While it's unknown how Annett's grandparents are getting along with their new addition, the cat can be seen receiving plenty of love and care, and it appears that Annett and other family members are nearby and happy to help out if needed.

What Do the Comments Say?

"They are in their 90s?? They look amazing," one user commented underneath the post.

Annett responded to the comment: "Reading this comment to my grandparents definitely brought a smile to their face."

"This makes me so happy," another TikTok user added.

"Cats are actually very loyal and very affectionate! I don't understand why people give them such a hard time," a different user wrote.

Newsweek reached out to @Olive_And_Oding for comment.

Do you have funny and adorable videos or pictures of your pet you want to share? Send them to life@newsweek.com with some details about your best friend and they could appear in our Pet of the Week lineup.

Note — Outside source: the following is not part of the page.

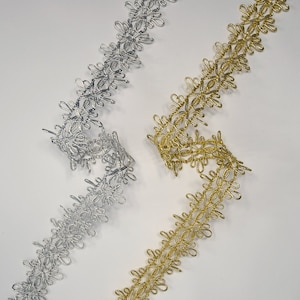 1-1/8&quot; Metallic Gimp Passementerie Braid Trim 4129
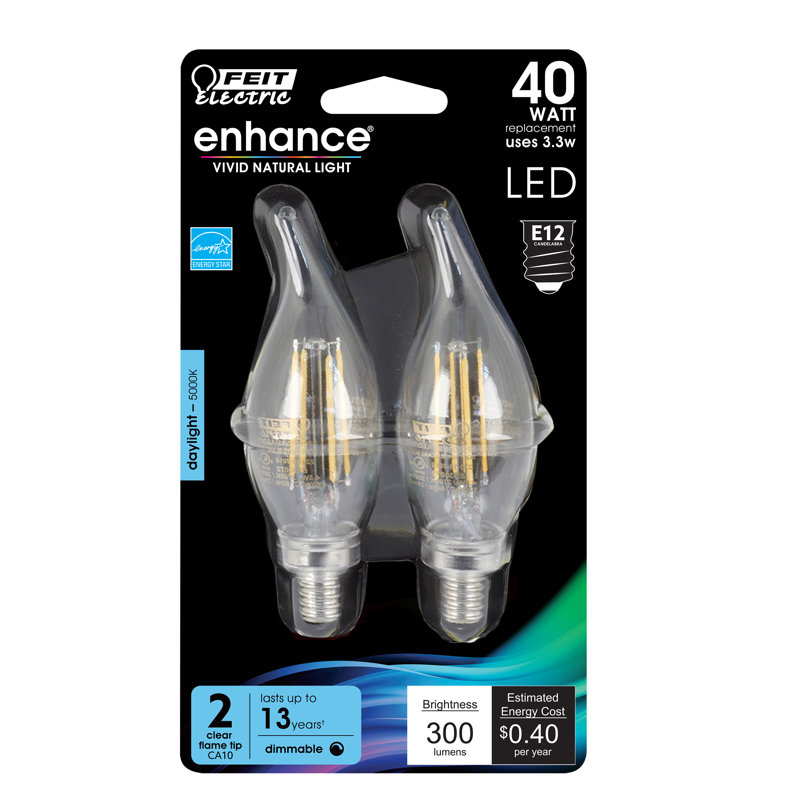 40 watts equivalent, ca10 del, ampoule à del, e26/meduim (standard) base, 5000 K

A Vet's Top Tips For Elderly Pet Adoptees:

1. Cats may be a better choice, purely because they don't require regular walking.

2. If you are set on adopting a dog, avoid young puppies as they have plenty of energy and require intensive training. Large or giant dog breeds are also poor choices for the elderly, since these strong and robust pooches can be difficult to handle.

3. Steer clear of pets who already have pre-existing health conditions which may need long-term care. These pets will be better off in a home where their owners have lots of time and energy to attend to their more specific needs. Diabetic cats, for instance, need regular insulin shots and incontinent animals may need help using the bathroom. The frequent cleaning and care may become overwhelming for owners in old age.